Ticket 15166

Summary: bug of preemption(& Gang sched) mode.
Product: Slurm Reporter: xusx <xusx>
Component: SchedulingAssignee: Jacob Jenson <jacob>
Status: RESOLVED INVALID QA Contact:
Severity: 6 - No support contract    
Priority: ---    
Version: 21.08.0   
Hardware: Linux   
OS: Linux   
Site: -Other- Alineos Sites: ---
Atos/Eviden Sites: --- Confidential Site: ---
Coreweave sites: --- Cray Sites: ---
DS9 clusters: --- HPCnow Sites: ---
HPE Sites: --- IBM Sites: ---
NOAA SIte: --- OCF Sites: ---
Recursion Pharma Sites: --- SFW Sites: ---
SNIC sites: --- Linux Distro: ---
Machine Name: CLE Version:
Version Fixed: Target Release: ---
DevPrio: --- Emory-Cloud Sites: ---

Description xusx 2022-10-13 01:26:49 MDT
Hello engineer

Recently, I got into trouble in slurm because of a problem related to Preempt (& gang).

config:
PreemptMode = GANG,SUSPEND
PreemptType = preempt/partition_prio
....
PartitionName=debug .... PreemptMode=OFF

Phenomenon:
There are two jobs in the debug queue 101 and 102, if 101 is in the CG exit state for a long time, job 102 will be suspended first, and then "running" "suspend" "running", in slurmctld's log, job 102 suspend, is trying to let 101 running, but detected 101 job has ended, so the two job states are CG (101), Suspend (102). This looks like it fits the rules of gang scheduling.

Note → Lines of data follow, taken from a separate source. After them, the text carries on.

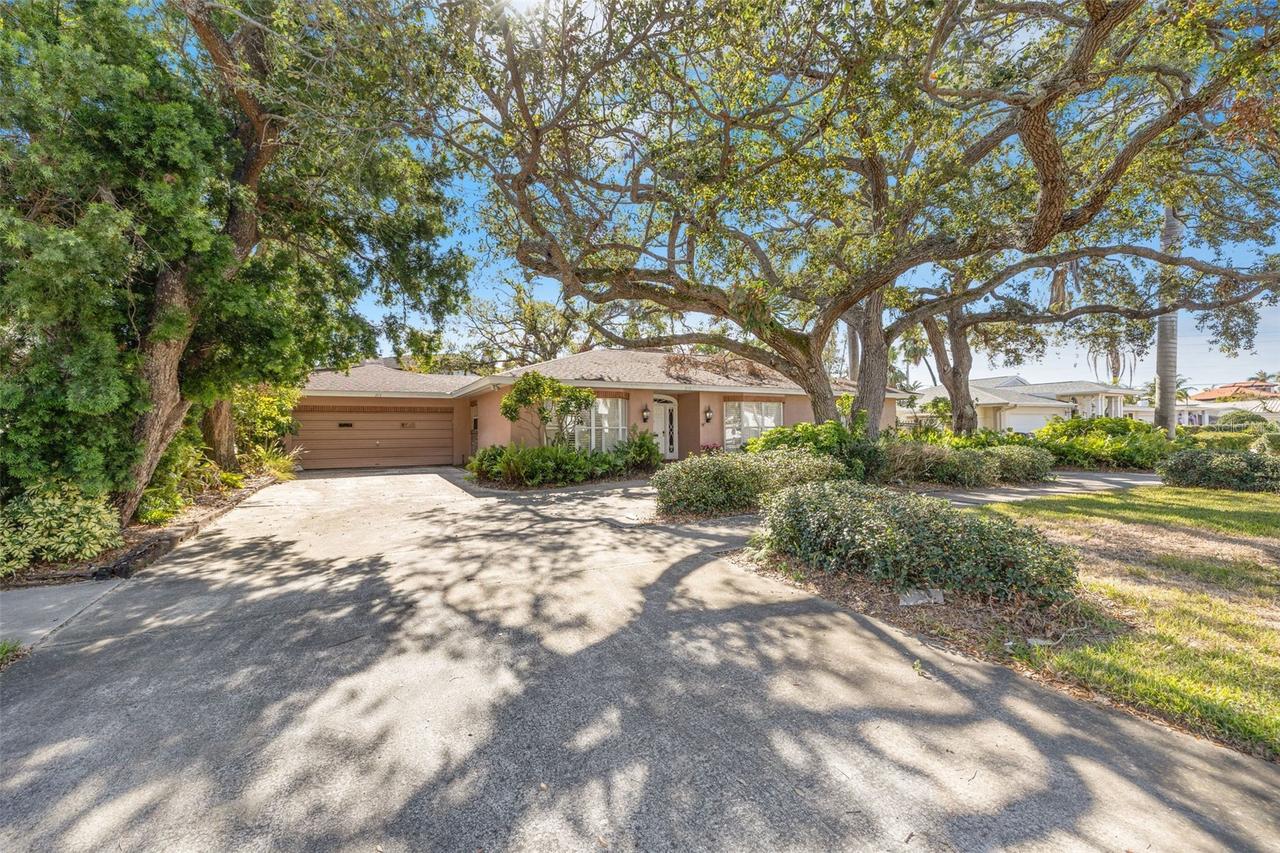 215 Snell Isle Blvd., St Petersburg, FL 33704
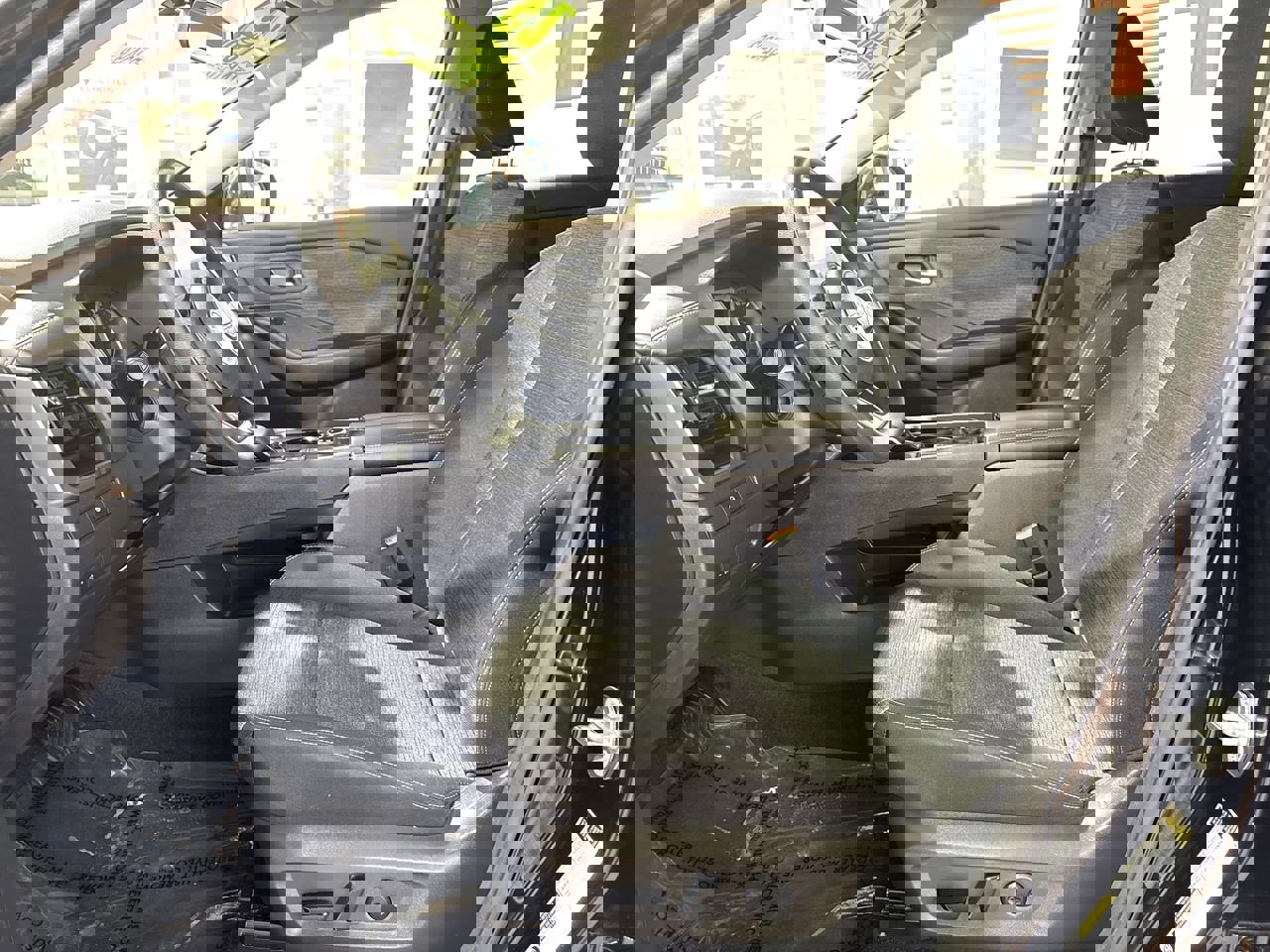 Used 2023 Nissan Rogue SV image 11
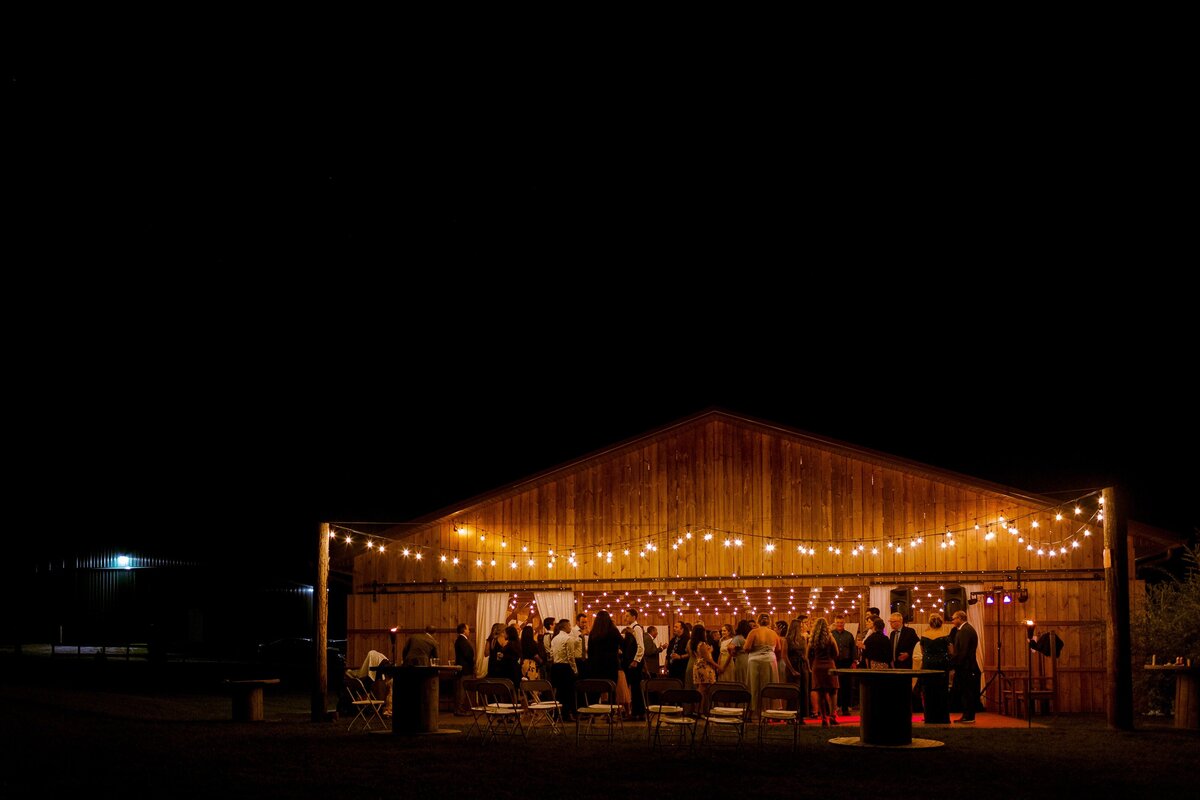 burlap-and-bells-wisconsin-wedding-venue-55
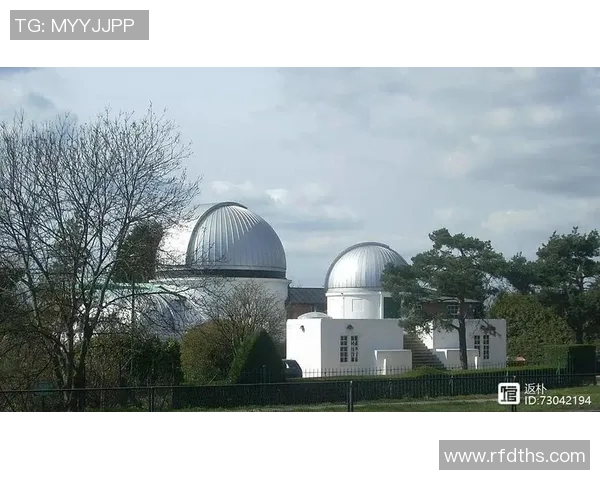 伊萨克的传奇人生与科学探索之旅:从天文学到物理学的辉煌成就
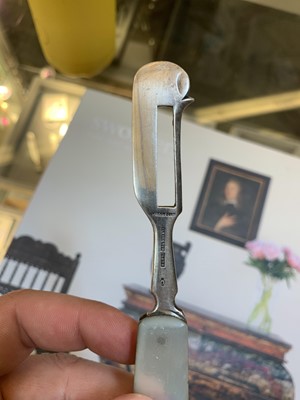 Lot 23 - Three silver and mother-of-pearl combination folding fruit knives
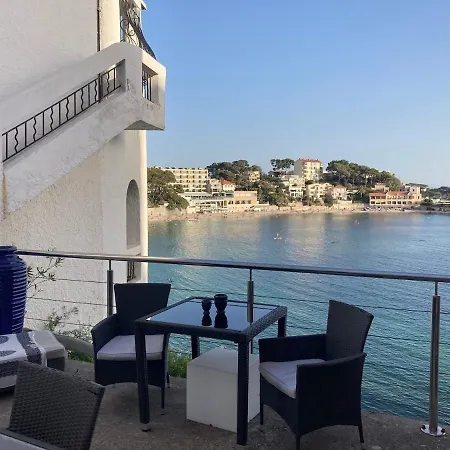 Les Algues, Les Pieds Dans L'eau Sur La De Renecros Βίλα Bandol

In fact, after preemption is enabled, if there is a job CG for a long time, it affects all other job in this queue running. Until the CG node times out and goes offline. It appears that the configuration does not take effect when preemption of a queue is turned off individually

My question:
1, in the configuration of queue "PreemptMode=OFF", whether the above phenomenon is normal, I see the code found that the gs_part_list actually contains all the queues, regardless of whether the queue is configured PreemptMode=OFF, is this a bug
2. Can gang scheduling exist independently of preemption mode?